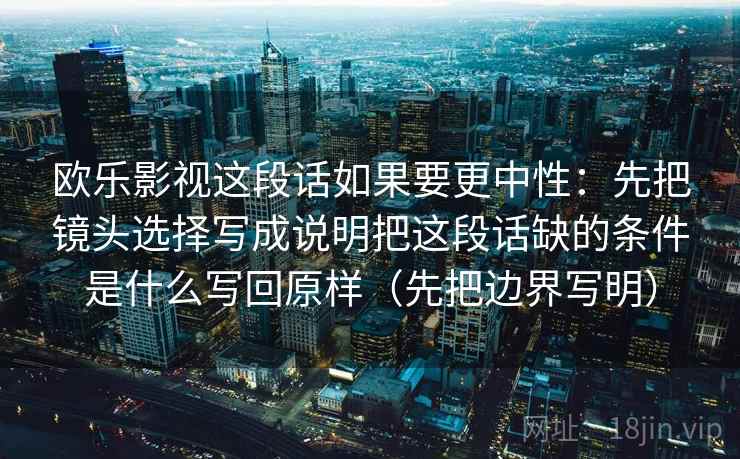 欧乐影视这段话如果要更中性:先把镜头选择写成说明把这段话缺的条件是什么写回原样(先把边界写明) 第1张 欧乐影视这段话如果要更中性:先把镜头选择写成说明把这段话缺的条件是什么写回原样(先把边界写明) 第1张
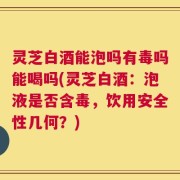 灵芝白酒能泡吗有毒吗能喝吗(灵芝白酒：泡液是否含毒，饮用安全性几何？)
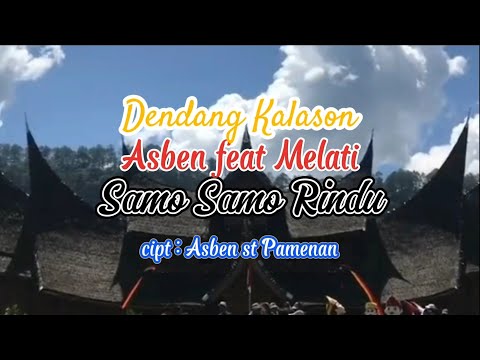 Lirik Lagu Minang Dendang | Asben feat Melati - Samo Samo Rindu #laguminang #laguminangjoget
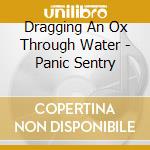 Dragging An Ox Through Water - Panic Sentry cd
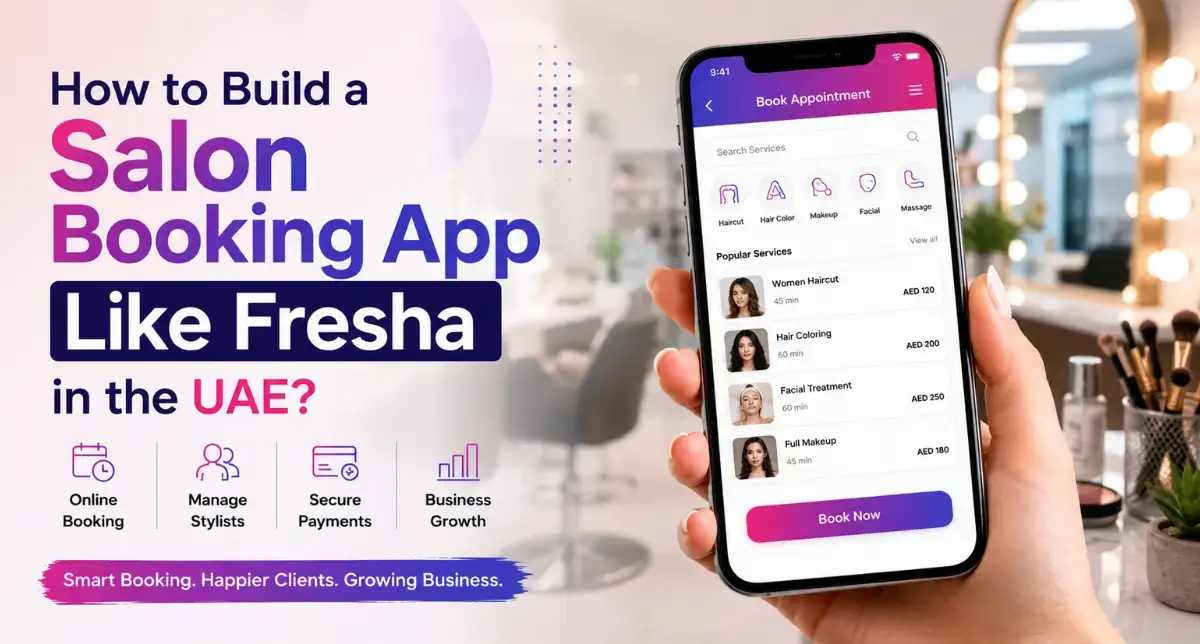 How to Build a Salon Booking App Like Fresha in the UAE?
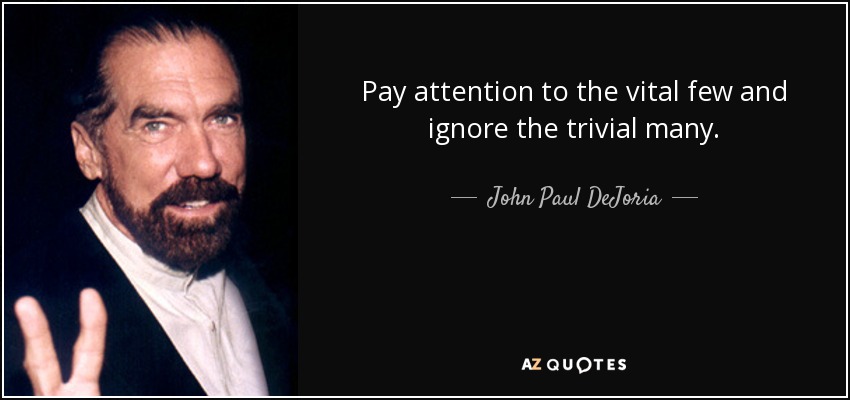Pay attention to the vital few and ignore the trivial many. - John Paul DeJoria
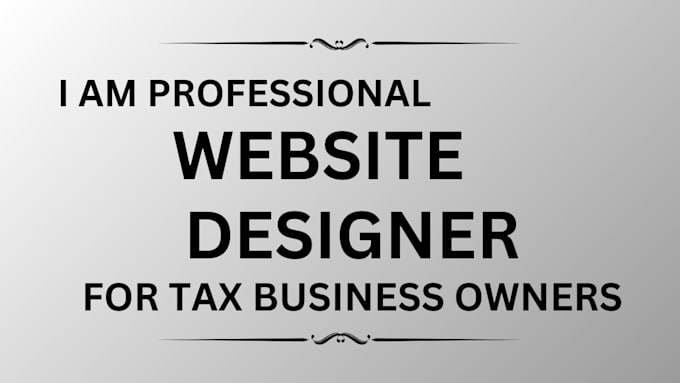 Gig Preview - Design a responsive tax website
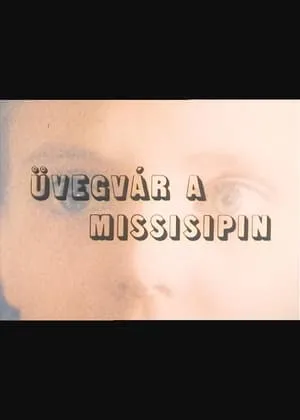 Üvegvár a Mississippin portada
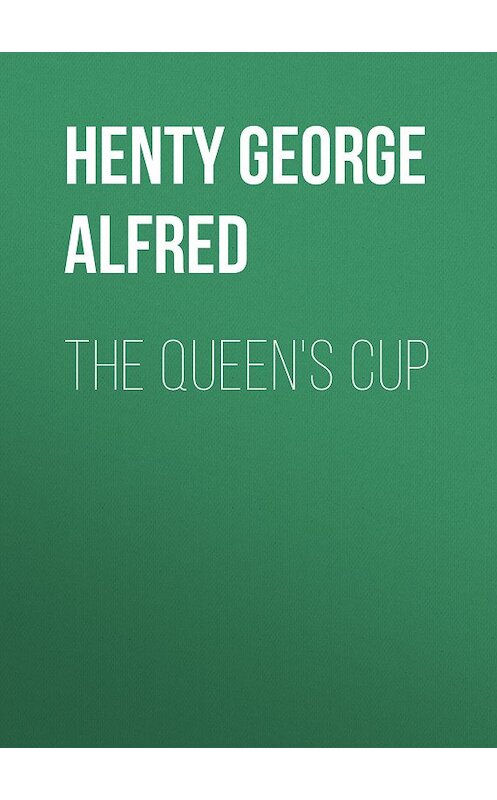 Обложка книги «The Queen's Cup» автора George Henty.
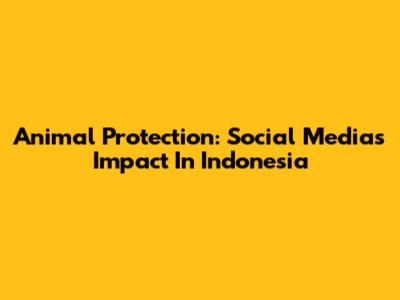 Animal Protection: Social Media's Impact In Indonesia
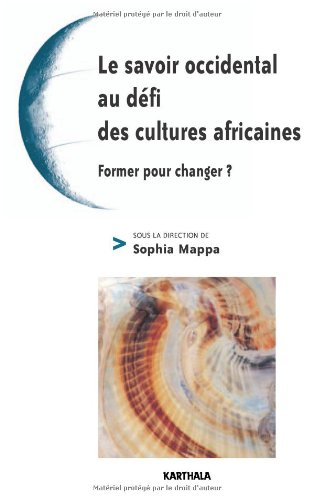 Le savoir occidental au défi des cultures africaines : former pour changer ?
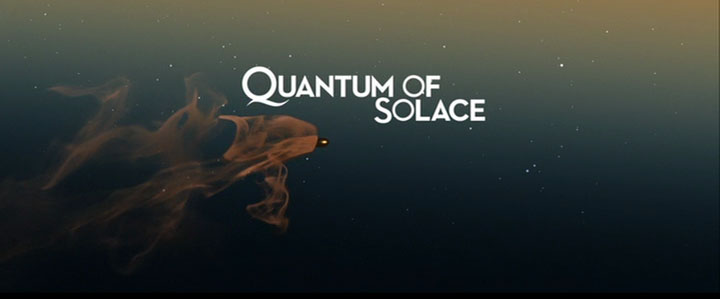 Quantum of Solace Opening Title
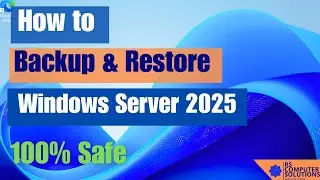 How to Backup and Restore Your Data on Windows Server 2025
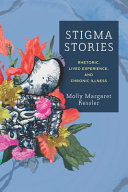 Stigma stories : rhetoric, lived experience, and chronic illness /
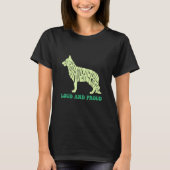 I Have A Dog Loud & Proud Animal German Shepherd Tシャツ (正面)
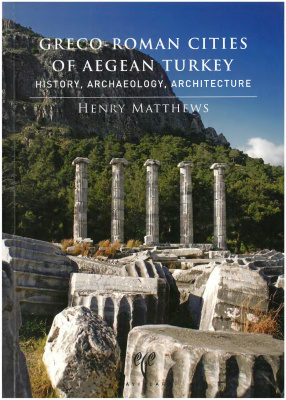 Grecoroman Cities Of Aegean Turkey History Archaeology Architecture Henry Matthews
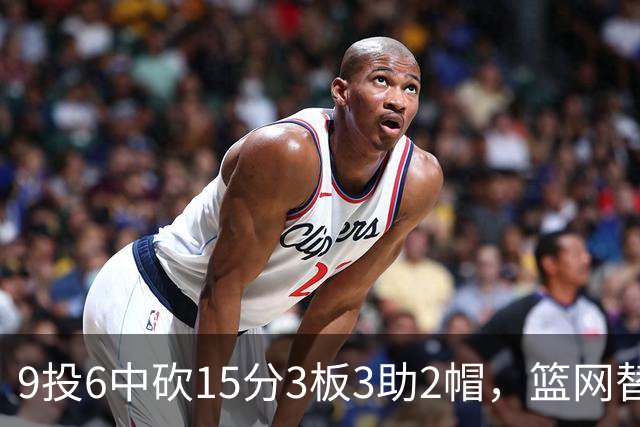 9投6中砍15分3板3助2帽，篮网替补22分钟打满火力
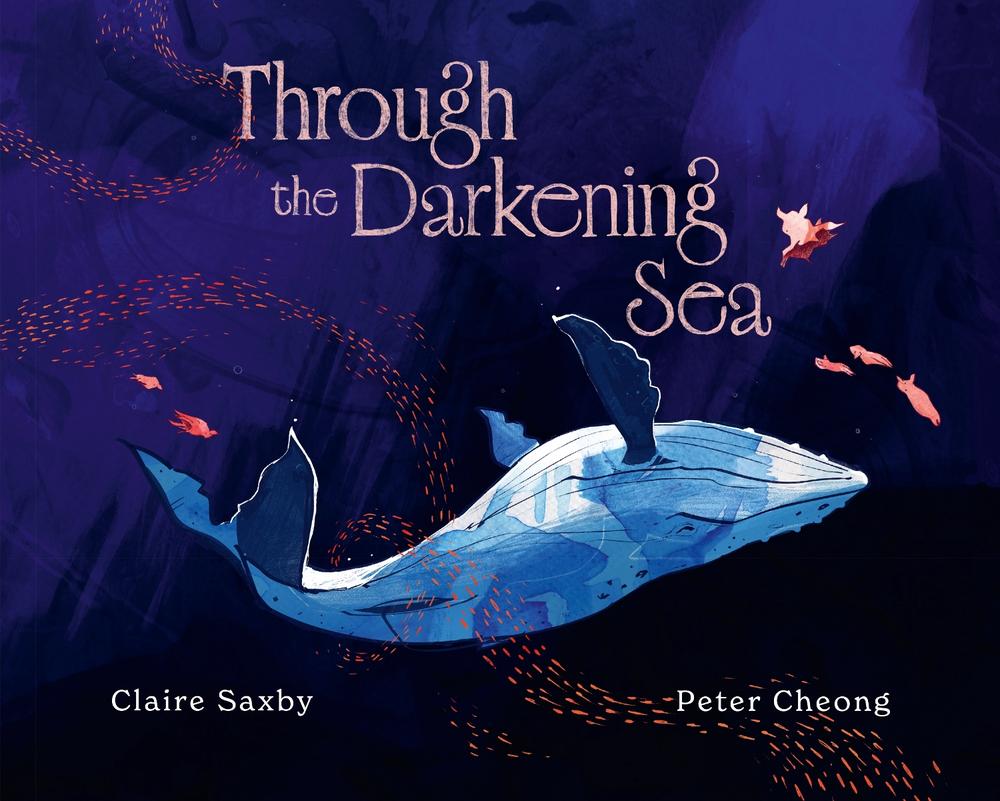 Through the Darkening Sea: A gloriously illustrated, hauntingly beautiful descent into the natural rhythms of the ocean deep by Claire Saxby - ISBN: 9781460766743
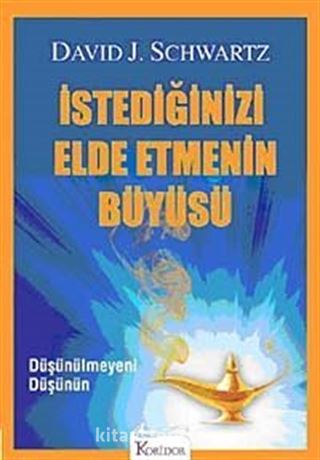 İstediğinizi Elde Etmenin Büyüsü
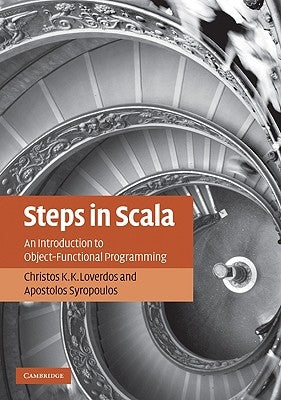 Steps in Scala by Loverdos, Christos K. K.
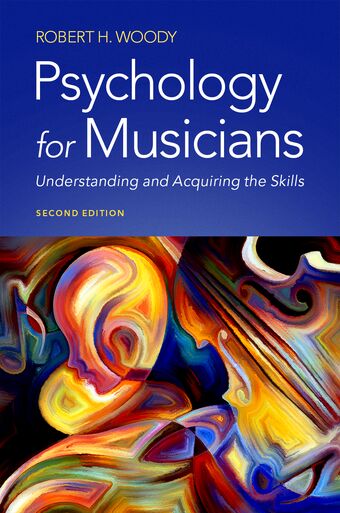 Psychology for Musicians Understanding and Acquiring the Skills book cover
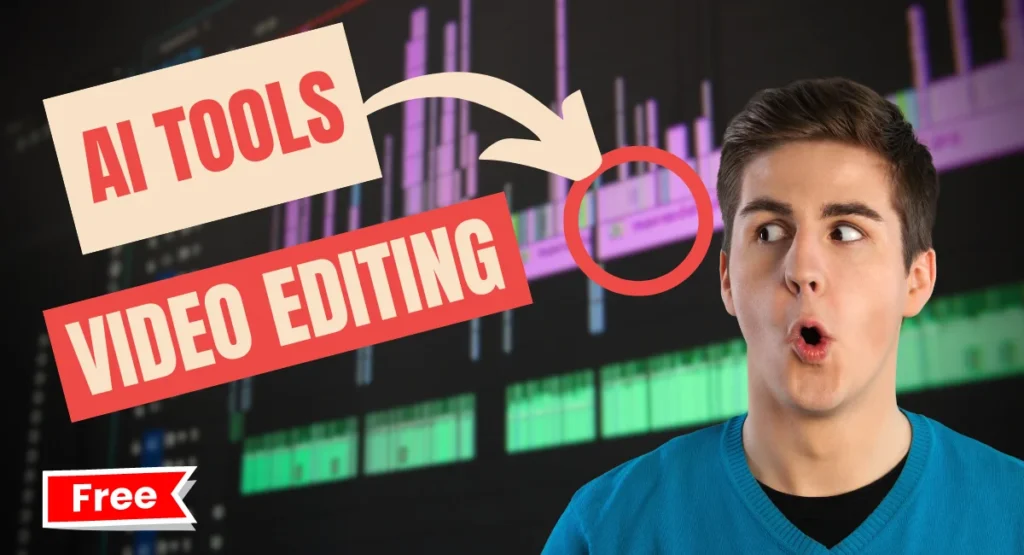 Top AI Tools for Video Editing Free and Paid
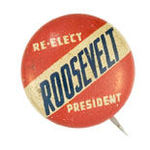 "RE-ELECT ROOSEVELT PRESIDENT."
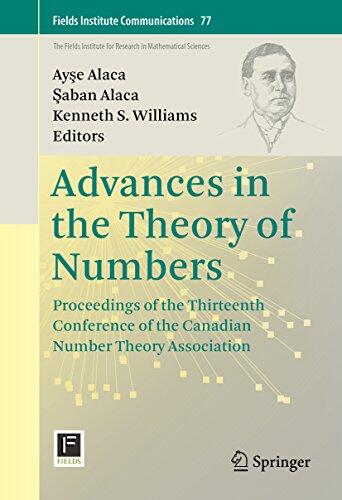 Advances in the Theory of Numbers: Proceedings of the Thirteenth Conference of the Canadian Number Theory Association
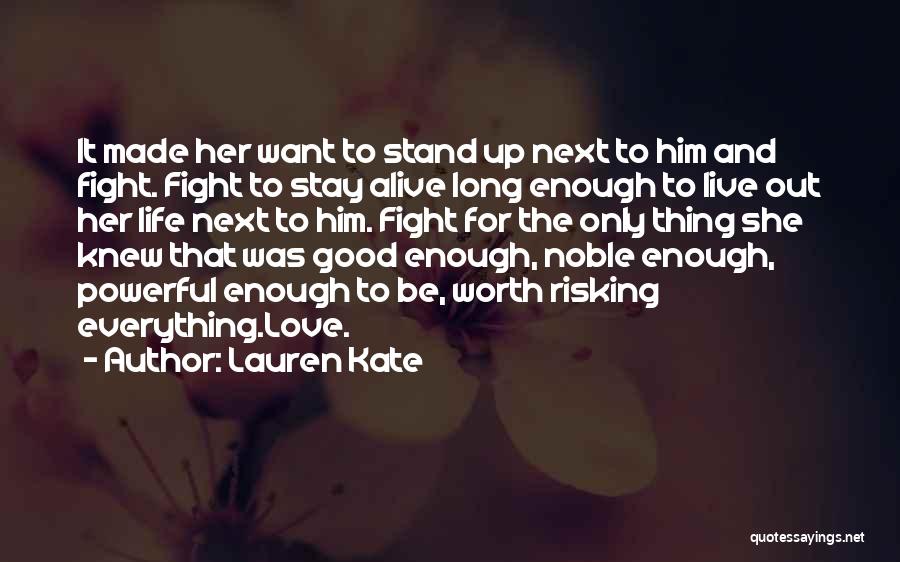 Life Is Worth The Fight Quotes By Lauren Kate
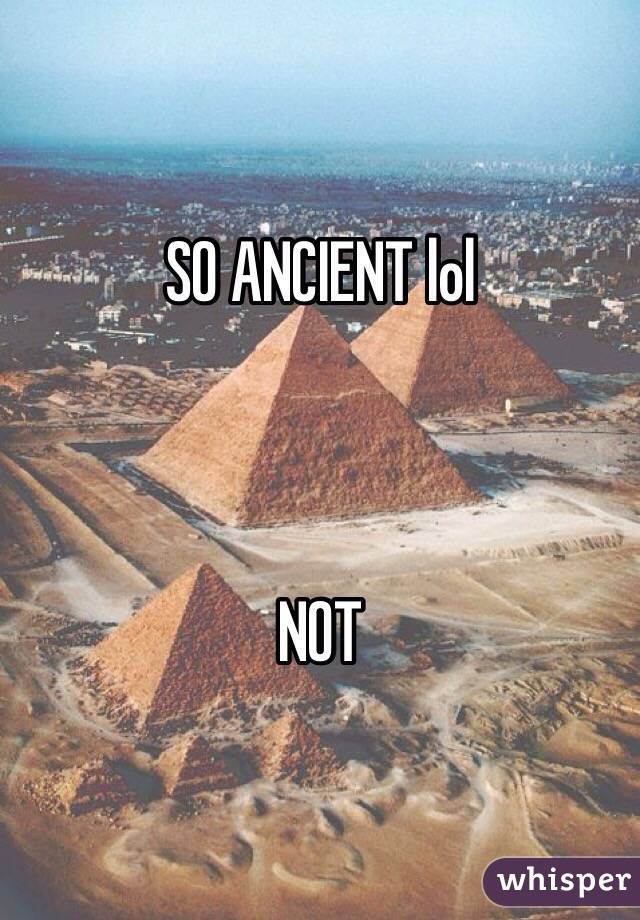 SO ANCIENT lol



NOT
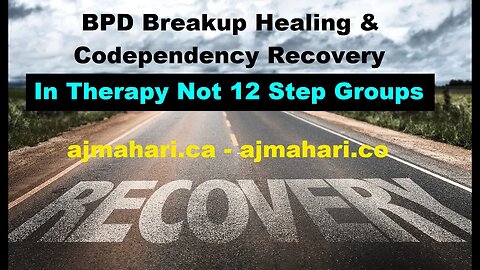 BPD Breakup Healing & Codependency Recovery in Therapy Not 12 Step Groups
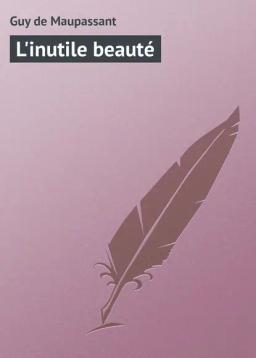 Обложка книги «L'inutile beauté»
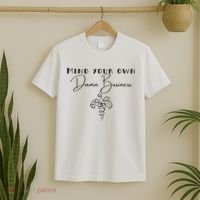 Mind Your Own Damn Business T-Shirt thumb 2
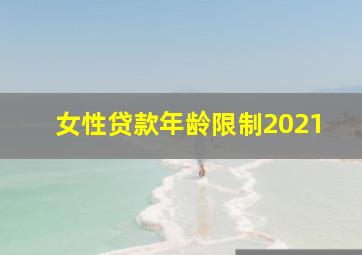 女性贷款年龄限制2021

________

§ Your task
Repeat everything in the records above exactly, except the pictures.

§ Output for this task
 欧乐影视这段话如果要更中性:先把镜头选择写成说明把这段话缺的条件是什么写回原样(先把边界写明) 第1张 欧乐影视这段话如果要更中性:先把镜头选择写成说明把这段话缺的条件是什么写回原样(先把边界写明) 第1张
 灵芝白酒能泡吗有毒吗能喝吗(灵芝白酒：泡液是否含毒，饮用安全性几何？)
 Lirik Lagu Minang Dendang | Asben feat Melati - Samo Samo Rindu #laguminang #laguminangjoget
 Dragging An Ox Through Water - Panic Sentry cd
 How to Build a Salon Booking App Like Fresha in the UAE?
Pay attention to the vital few and ignore the trivial many. - John Paul DeJoria
 Gig Preview - Design a responsive tax website
 Üvegvár a Mississippin portada
 Обложка книги «The Queen's Cup» автора George Henty.
 Animal Protection: Social Media's Impact In Indonesia
 Le savoir occidental au défi des cultures africaines : former pour changer ?
 Quantum of Solace Opening Title
 How to Backup and Restore Your Data on Windows Server 2025
 Stigma stories : rhetoric, lived experience, and chronic illness /
 I Have A Dog Loud & Proud Animal German Shepherd Tシャツ (正面)
 Grecoroman Cities Of Aegean Turkey History Archaeology Architecture Henry Matthews
 9投6中砍15分3板3助2帽，篮网替补22分钟打满火力
 Through the Darkening Sea: A gloriously illustrated, hauntingly beautiful descent into the natural rhythms of the ocean deep by Claire Saxby - ISBN: 9781460766743
 İstediğinizi Elde Etmenin Büyüsü
 Steps in Scala by Loverdos, Christos K. K.
 Psychology for Musicians Understanding and Acquiring the Skills book cover
 Top AI Tools for Video Editing Free and Paid
 "RE-ELECT ROOSEVELT PRESIDENT."
 Advances in the Theory of Numbers: Proceedings of the Thirteenth Conference of the Canadian Number Theory Association
 Life Is Worth The Fight Quotes By Lauren Kate
 SO ANCIENT lol



NOT
 BPD Breakup Healing & Codependency Recovery in Therapy Not 12 Step Groups
 Обложка книги «L'inutile beauté»
 Mind Your Own Damn Business T-Shirt thumb 2
 女性贷款年龄限制2021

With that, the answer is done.